HR Dive reporter Caroline Colvin takes up the mantle for the Talent Textbook series. Most recently, they asked HR experts about the difference between time to hire and time to fill.
Have you ever wondered about your workplace’s policy for something and didn’t know where to find it? Then you ask your manager, then your manager has to ask their manager and then it gets escalated to HR. Or maybe you are HR, and you’re tired of answering the same baseline questions over and over again.
This and similar situations has brought a new use case for AI at work to the forefront: enterprise search.
How artificial intelligence may save HR, workers time
Enterprise search refers to any kind of tech solution that helps workers find the information they need within their enterprise. Think workplace policies such as parental leave or meeting protocols, or the details of a worker’s benefits package, financial information and vacation time.
Now, add AI on top of that to make it all the more convenient.
When I attended the company’s annual conference in November 2024, Dayforce debuted its AI agent. Now, Google just debuted Agentspace following the launch of Gemini 2.0. Next up is Cisco Webex, which has beta tested the technology with a handful of customers and piloted the software on its own staff ahead of a February 2025 release to the public.
Manoj Muthavarapu, a director of product management at Cisco, not only worked on developing the Webex AI Agent capabilities for the past eight or nine years, but also has used the agent, called Kate during trials, in tangible ways.
“I have a team member who recently had a baby. My manager and I were on a call. They were wondering what we could do as a nice gesture, of sending a gift,” Muthavarapu told HR Dive.
“Now, normally for a question like that, I would have asked my manager. He would have maybe checked with a couple of people, and then I would have then spoken to HR or raised a support case, and then something would have eventually come back to me as an answer,” he said.
“We were like, ‘Let's just ask Kate.’ Within 30 seconds, we discovered that any new parents can go to the portal and just order a baby gift bag within X number of days of having a baby,” he said, adding that he was able to pass along the info to the new parent on his team.
Along with providing answers to questions, some AI agents, such as that from Dayforce, even have the workplace policy PDF attached to the answers that the chatbot gives. Having seen a variety of software in this space, I can see how scenarios such as Muthavarapu’s could become the norm within organizations.
HR has used this technology for a while
From machine learning to generative AI, artificial intelligence in HR is beyond a hot topic. Where and how can AI agents be used in hiring? Are there compliance issues if you do so? Do you create an ethics policy for workplace generative AI use? How can HR use AI to cut down on dreaded menial tasks?
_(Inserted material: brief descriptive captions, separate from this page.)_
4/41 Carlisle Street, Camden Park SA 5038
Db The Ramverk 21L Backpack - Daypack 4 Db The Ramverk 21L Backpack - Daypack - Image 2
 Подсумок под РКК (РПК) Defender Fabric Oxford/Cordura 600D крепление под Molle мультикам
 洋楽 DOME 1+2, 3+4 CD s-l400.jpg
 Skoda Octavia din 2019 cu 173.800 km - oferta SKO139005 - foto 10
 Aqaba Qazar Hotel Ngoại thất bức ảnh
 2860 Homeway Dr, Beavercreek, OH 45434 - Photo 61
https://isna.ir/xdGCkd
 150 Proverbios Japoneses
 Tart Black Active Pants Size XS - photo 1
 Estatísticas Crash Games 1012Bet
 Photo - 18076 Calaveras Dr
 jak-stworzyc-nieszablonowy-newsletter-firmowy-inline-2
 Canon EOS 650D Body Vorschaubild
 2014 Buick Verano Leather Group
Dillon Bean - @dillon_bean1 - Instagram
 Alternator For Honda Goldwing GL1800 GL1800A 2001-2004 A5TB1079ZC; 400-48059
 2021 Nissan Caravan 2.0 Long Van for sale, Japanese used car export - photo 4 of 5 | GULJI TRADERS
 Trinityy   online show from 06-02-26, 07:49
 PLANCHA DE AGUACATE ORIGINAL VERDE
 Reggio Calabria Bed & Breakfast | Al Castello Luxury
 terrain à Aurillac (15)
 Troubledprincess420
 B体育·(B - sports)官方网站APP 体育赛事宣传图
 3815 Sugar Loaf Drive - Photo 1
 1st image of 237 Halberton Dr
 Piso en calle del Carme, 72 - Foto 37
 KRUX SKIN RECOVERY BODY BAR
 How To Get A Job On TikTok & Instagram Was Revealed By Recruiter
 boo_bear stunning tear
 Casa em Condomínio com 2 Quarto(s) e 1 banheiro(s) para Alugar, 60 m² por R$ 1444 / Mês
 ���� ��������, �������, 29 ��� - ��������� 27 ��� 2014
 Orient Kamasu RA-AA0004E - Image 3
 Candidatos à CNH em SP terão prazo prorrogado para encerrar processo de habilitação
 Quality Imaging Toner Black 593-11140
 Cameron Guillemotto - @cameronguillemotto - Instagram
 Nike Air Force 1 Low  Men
Microsoft positioned its 365 suite’s Copilot in 2023 as a means to “remove the drudgery of work.” Slack also debuted an AI component last year and continued to add and improve app integrations this year.
Earlier this year, one tech CPO told HR Dive that HR is “just scratching the surface” of leveraging AI for work — and surely the deluge of new software, new use cases and new questions will keep on coming.
But a gap seems to exist between business leaders’ understanding and adoption of AI, and confidence in their skills. For example, more than half of vice presidents and directors from the U.S. and U.K. surveyed said that they have never attended an AI-related training.
In the same December 2024 report, less than half said they feel confident in how to use AI without compromising company data and 27% said they are not very or not at all confident in their abilities.
Nathan Mondragon, chief innovation officer at HireVue, told HR Dive that many people in the space are probably using AI and may not even know it.
“A lot of HR professionals are using it to facilitate their day-to-day jobs, [such as] streamlining and clarifying their writing,” Mondragon said. He also noted that some HR professionals are using AI to create work assessments and screening tools.
“It seems like the sky's the limit at this point in time,” he added.
While AI use at work is not without challenges, it’s clearly here to stay in 2025 — no matter where a company or employee stands on AI. If this technology is to become ubiquitous, HR has an opportunity to make good use of it.
Clarification: This story was updated with details about the Webex AI Agent trial name.